The BUPT Automation School Team Wins First Place by Achieving a Multimodal Identification Technology Accuracy Rate of 91.14%
iQIYI, Inc., an innovative market-leading online entertainment service in China, and ACM International Conference on Multimedia (“ACM MM”)’s jointly held 2019 Celebrity Video Identification Challenge (the “Challenge”) officially came to a close after three months of competition. At this year’s AI competition, a total of 255 teams including iQIYI along with top foreign and domestic universities, such as Carnegie Mellon University, University College London, University of Exeter, Tsinghua University, Peking University, as well as well-known companies, such as Baidu, ZTE, JD.com, Meitu, and Nvidia, worked together to once again make a major breakthrough in video-based multimodal person identification technology. An accuracy rate of 91.14% was achieved by the team from Beijing University of Posts and Telecommunications’ (“BUPT”) Automation School, who won first place.

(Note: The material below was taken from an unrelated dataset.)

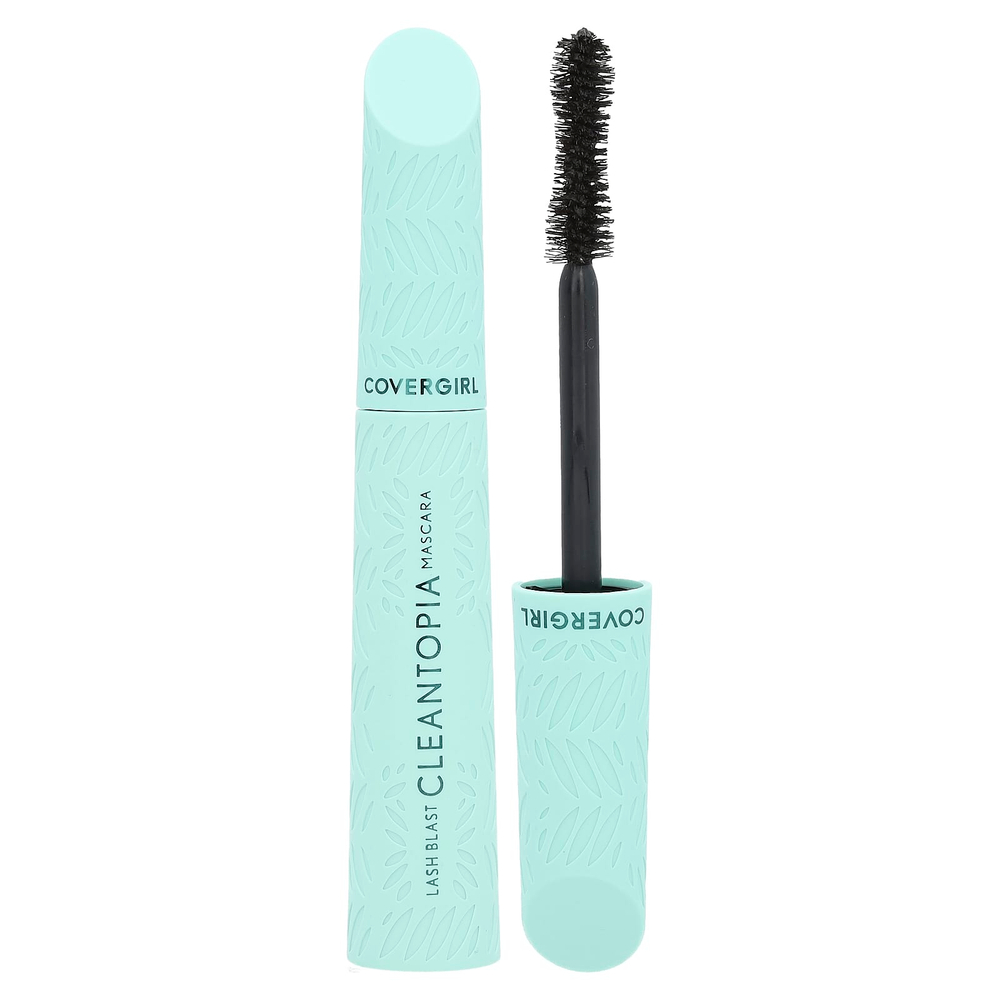 Covergirl, Lash Blast, тушь для ресниц Cleantopia, оттенок 810 черно-коричневый, 9,5 мл (0,32 жидк. унции)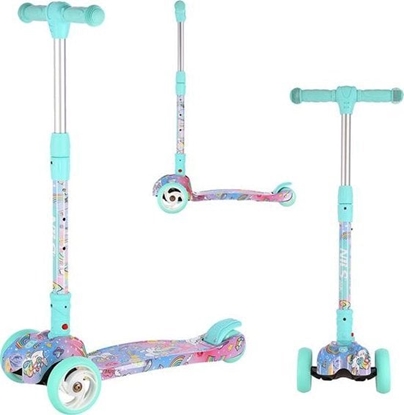 Attēls no Hulajnoga NILS Fun HLB15 Mitowy (16-51-066)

Liu Wenfeng, iQIYI’s Chief Technology Officer and President of Infrastructure and Intelligent Content Distribution Business Group (IIG), said, “The Challenge continues to make breakthroughs. In addition to adding important value to iQIYI’s entertainment environment, it also creates far-reaching effects on the advancement of person identification technology as well as academic research and professional training in the field.”
In recent years, many tech companies and academic institutions around the world have released video datasets to improve the accuracy of person recognition to better solve many of the difficult problems in the video industry. Among them, Oxford University has released the VoxCeleb2 dataset, which includes more than 6,000 human figures and 150,000 videos, to focus on solving the problem of speaker recognition. In order to better decipher characters in videos, the Chinese University of Hong Kong and SenseTime jointly released CSM data sets, which includes 1,218 characters and 127,000 videos. The YouTube Faces DB developed at Tel Aviv University in Israel has 3,425 video clips and 1,595 characters to solve face recognition problems in constrained environments.

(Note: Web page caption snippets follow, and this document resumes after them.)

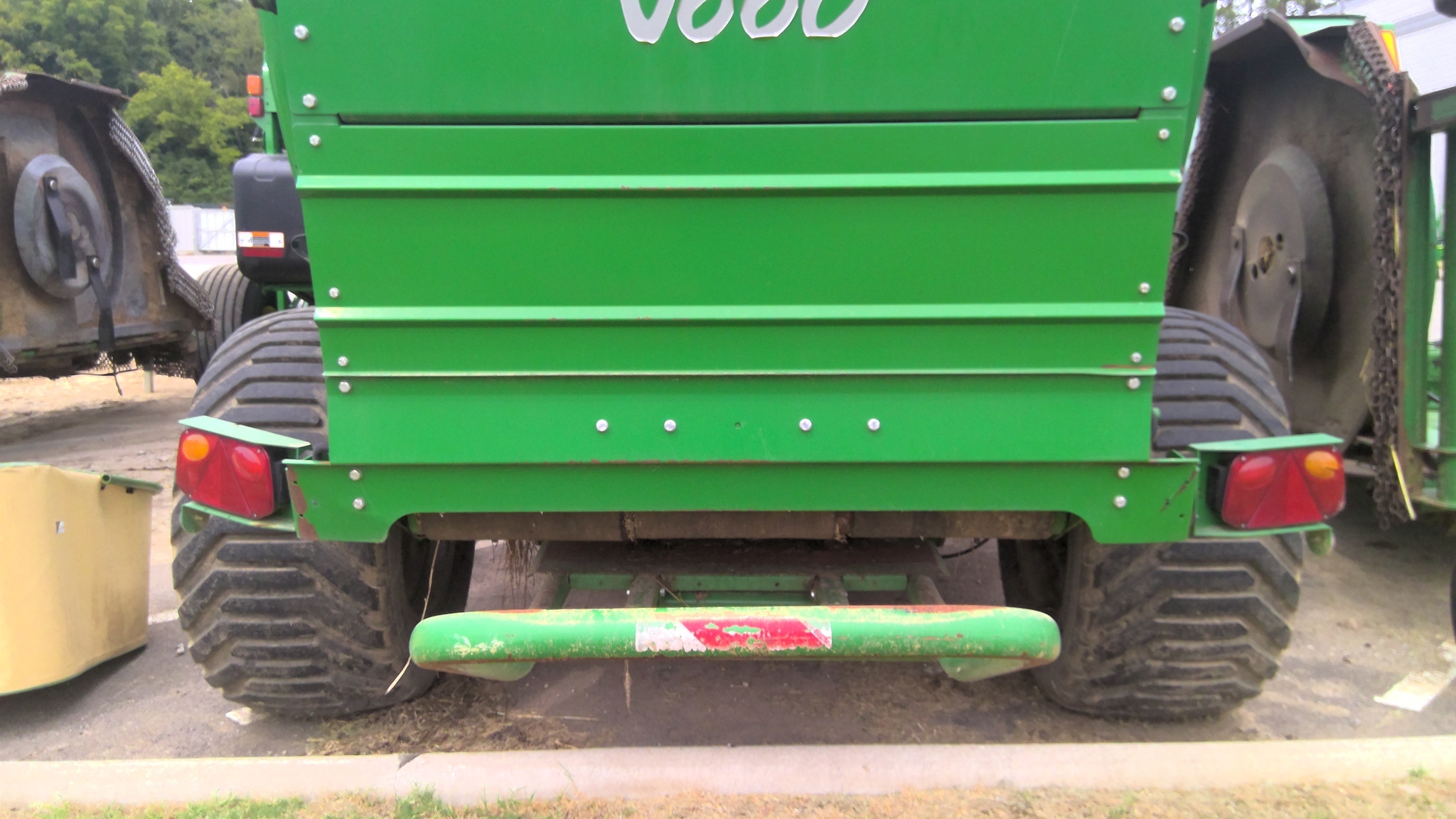 2017 McHale V660 Round Baler
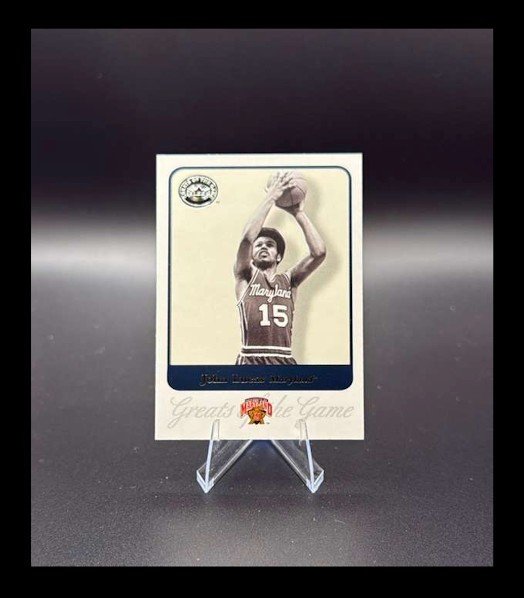2001 Fleer Greats of the Game - John Lucas #43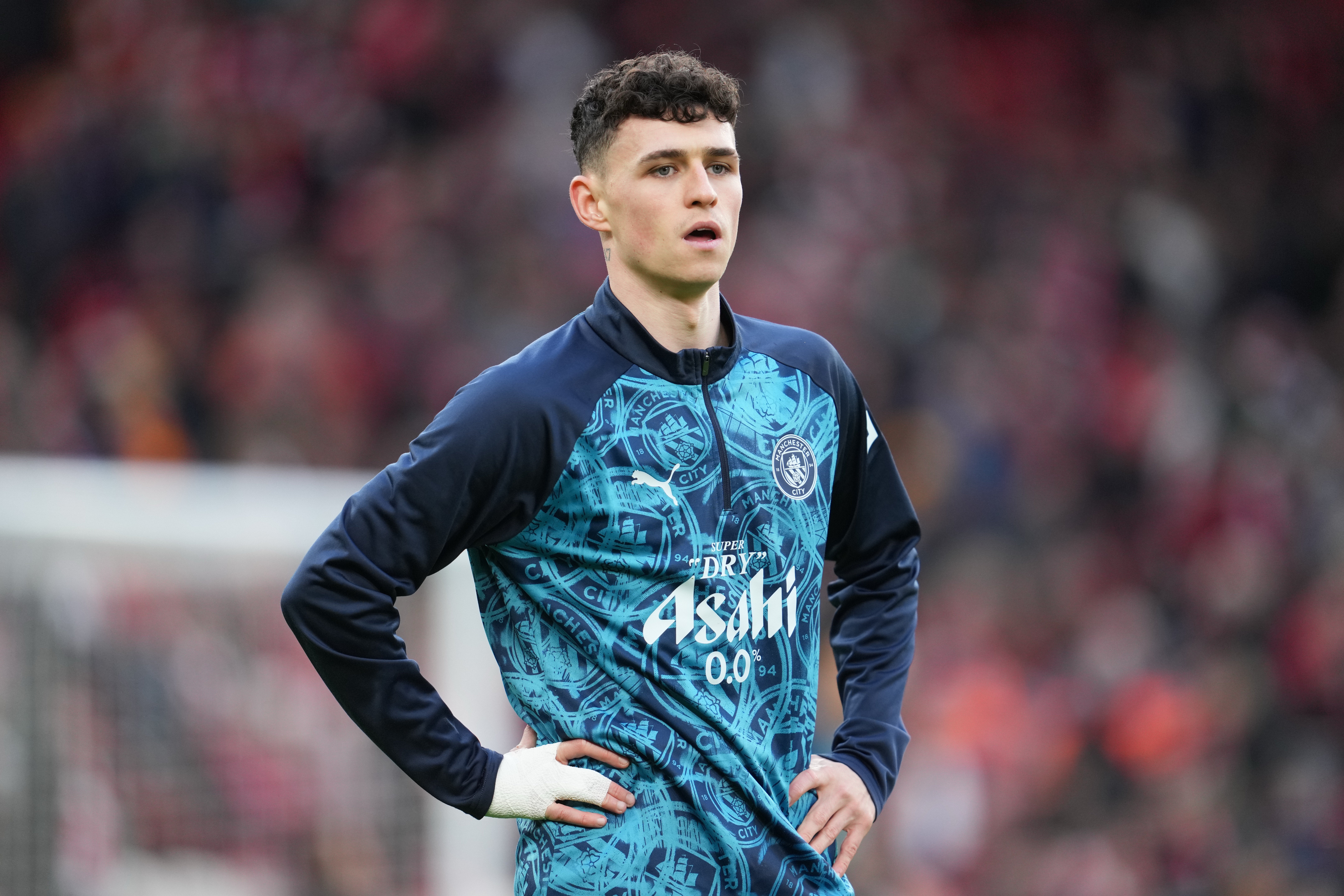 MAN CITY PHIL FODEN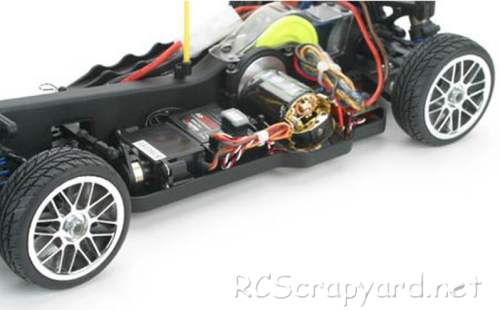 Losi XXX-S Sport RTR II Chassis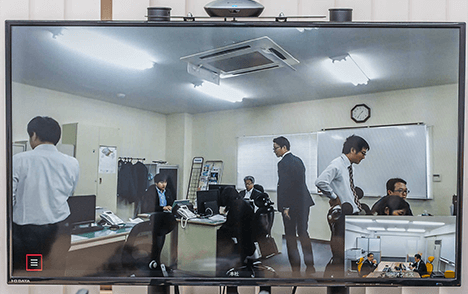 画角70度の場合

At the contest, iQIYI announced a more challenging, detailed data set, iQIYI-VID-2019, with 10,000 celebrity figures, 200 hours of content, and 200,000 video clips of films, dramas and short videos, which was more relevant to the actual application scenarios. The data set included four kinds of multimodal features: face, head, body, and voiceprint. The participating teams did not need to use their own computing resources to extract these features, which greatly reduces the threshold for hardware resources in the competition, attracts more top academic teams from around the world, and accelerates the continuous evolution of facial recognition technology. The BUPT Automation School team, who won first place, re-extracted the facial feature on aligned faces and used these five types of modal features to train a multimodal classification model, improving the accuracy rate of the multimodal identification technology to 91.14%, increasing 2.5pp from last year.

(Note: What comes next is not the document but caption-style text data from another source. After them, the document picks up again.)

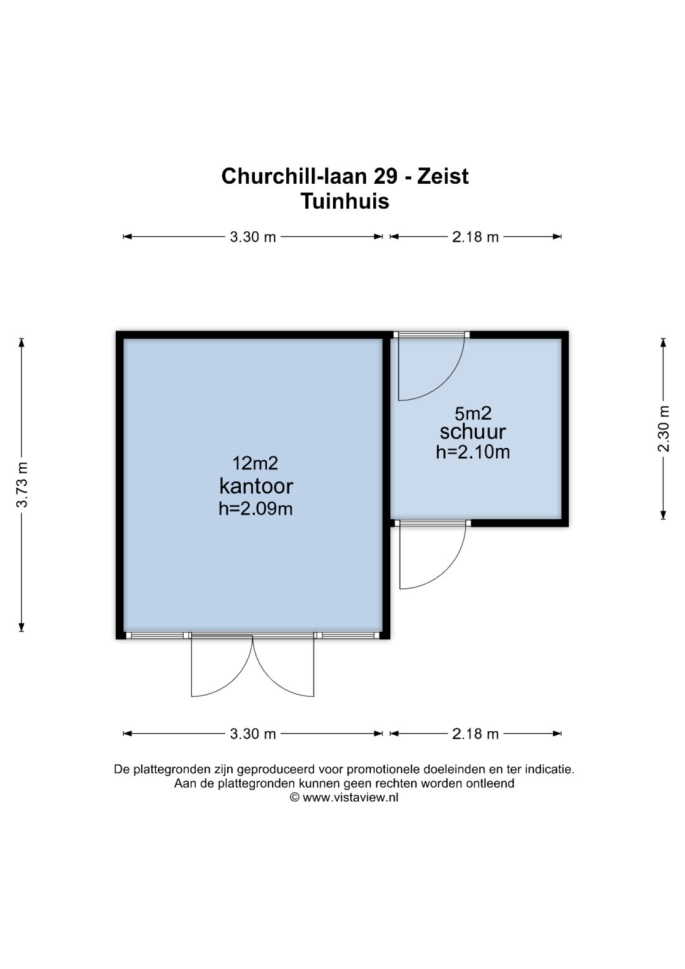 Churchill-laan 29, 3705 PA, Zeist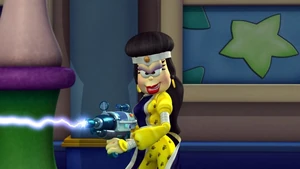 Vetvix shoots the Pet Force with Moscram Gun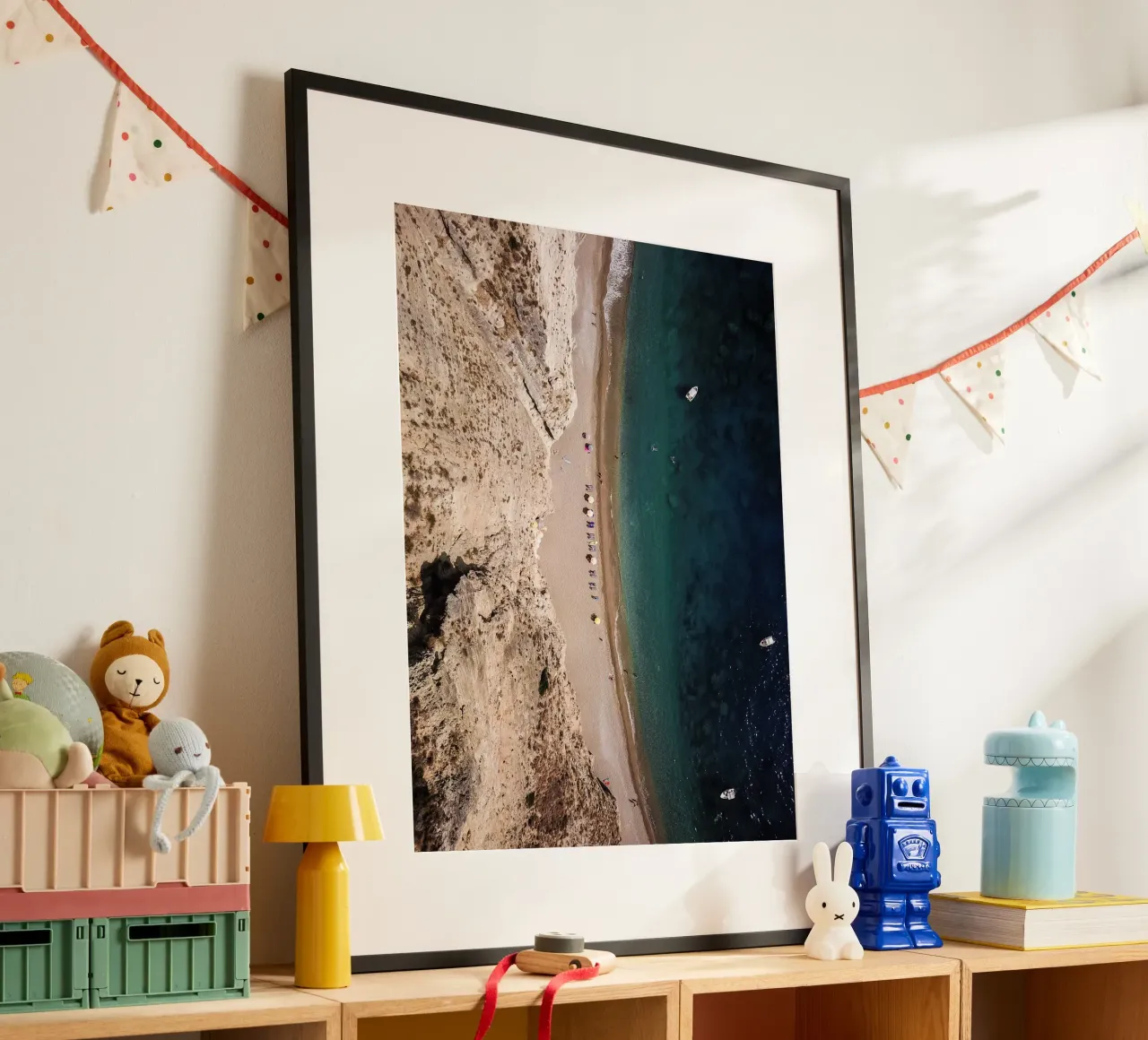 Cliffhanger poster da Framative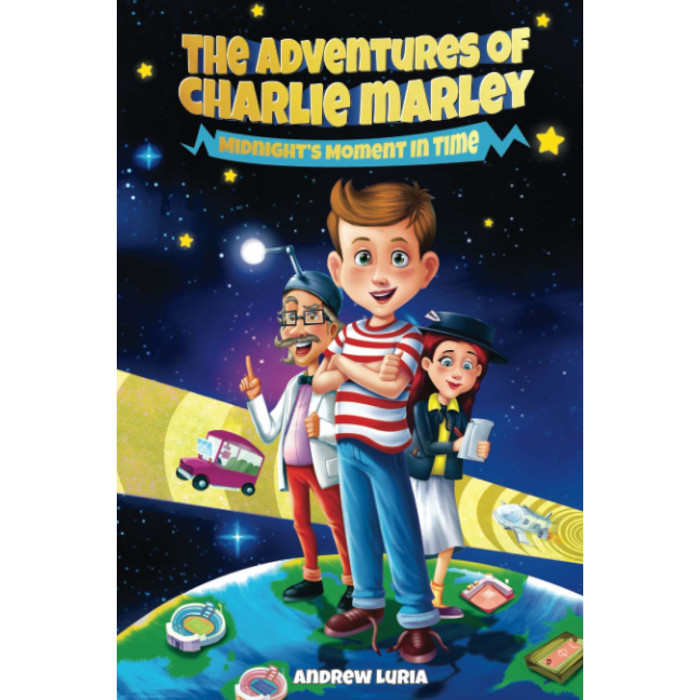 The Adventures Of Charlie Marley: Midnight's Moment In Time: A Time Traveling Sports Adventure Book for Kids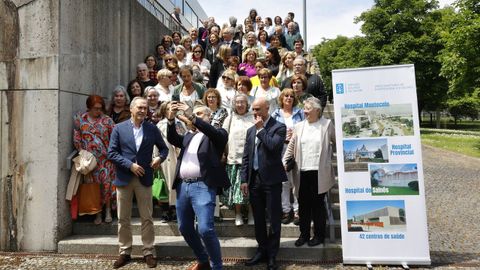 Homenaje del Sergas a los trabajadores jubilados este a�o en el �rea sanitaria de Pontevedra y O Saln�s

The latest multimodal algorithms used at the competition will be valuable to iQIYI’s many services, such as improving the HomeAI voice interactive platform, enhancing the user’s video interaction experience, making AIWorks intelligent video content more accurate in long-form videos, generating short-form video content more quickly, and further elevating the efficiency of iQIYI “iMAM” (iQIYI Media Asset Management) to create high-quality content. In the future iQIYI will continue to cooperate with both domestic and foreign academic institutions and industry leaders to continuously improve the exploration and implementation of cutting-edge technology.